ダブルペダルで「ダダっ」とキレ良く刻む王道メタルコアビートが否が応でも昂揚感を煽るし、電子音混じりのバッキングも緊張感があって思わずエアギターが止まらない。
今作からジョインしたSteve Tinnonの声もしっかりハマっている印象。
■Deliverance
メキシカンな響きの軽やかなギターフレーズに導かれてアグレッシブで解像度の高い音塊が突進してくるチューン。
変幻自在なブラストビートに乗せてメカニカルなクリーンディレイやワウを使用した爽やかギターソロもまさに豊麗。
耳が喜び、血が沸る良質メタルコア。
■Black Heart
雑音の概念すら微塵もない純粋極まりないピロピロしたギターが電子音と混ざり合い、大地を砕かんばかりのドラムとベースと大合流を果たすタイトルトラック。

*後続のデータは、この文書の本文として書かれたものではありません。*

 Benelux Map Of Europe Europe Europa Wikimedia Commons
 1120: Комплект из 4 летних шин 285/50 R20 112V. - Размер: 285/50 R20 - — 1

ギターは「キュルルン」というハーモニクス?スクラッチ?みたいな綺麗なノイズを多用し、その対比で曲に緊張感を与えている。
■Open Wounds
Joe Cocchiが紡ぐハイフレット多用系高音ギターリフが電子音ピコピコサウンドと重なり、容赦ない複雑性と狂気が一直線に向かってくる。
傷口が思わず開いちゃうような高速上昇フレーズも主張が出ちゃった感が垣間見えてで好きです。
Jason Richardsonパイセンリスペクトも感じられる。
■Eighty Sixed
ギターインスト曲。
カッティングやミュートなどの音の輪郭のハッキリしたモダンな音が並ぶ。
王道系の印象的な聞かせるフレーズを瞬間瞬間で鳴らしつつ、基本はノイズや落ち着かない変態リズムを絶え間なく繰り出す事で不穏な空気にさせて、気持ちよさだけを与えない、なんともドSな作り。
Joe Cocchi、やりおる。
■Devil in Me
ミドルテンポや疾走テンポを慌ただしく混ぜつつ、音の明度の高いカオス空間を繰り広げるテクデス。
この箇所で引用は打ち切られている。